Appell an queere Sportler Olympiasieger Colin Jackson will Angst vorm Outing nehmen
Der Olympiasieger und ehemalige Leichtathlet Colin Jackson hat andere LGBTIQ+-Sportler dazu ermutigt, keine Angst davor zu haben, ihre sexuelle Identität öffentlich zu machen.

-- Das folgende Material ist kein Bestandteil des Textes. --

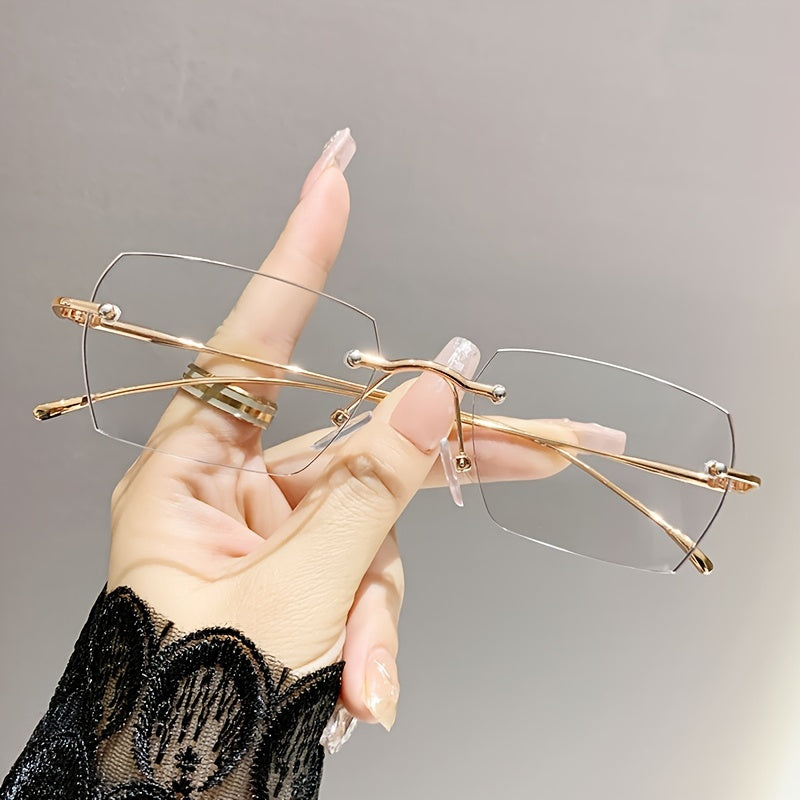 1pc Rimless Square Photochromic Glasses - Elegant & Lightweight, Color-Changing Lenses for Indoor/ Use, Ideal for Daily Wear, School, Business, & Special Occasions, Non-Prescription, Perfect Gift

Jackson (59) gewann 1988 in Seoul Silber im 110-Meter-Hürdenlauf, holte Gold bei den Weltmeisterschaften 1993 in Stuttgart und 1999 in Sevilla sowie bei den Hallen-Weltmeisterschaften 1999. Zudem sicherte er sich zwischen 1989 und 2002 vier Titel bei Europa- und Hallen-Europameisterschaften.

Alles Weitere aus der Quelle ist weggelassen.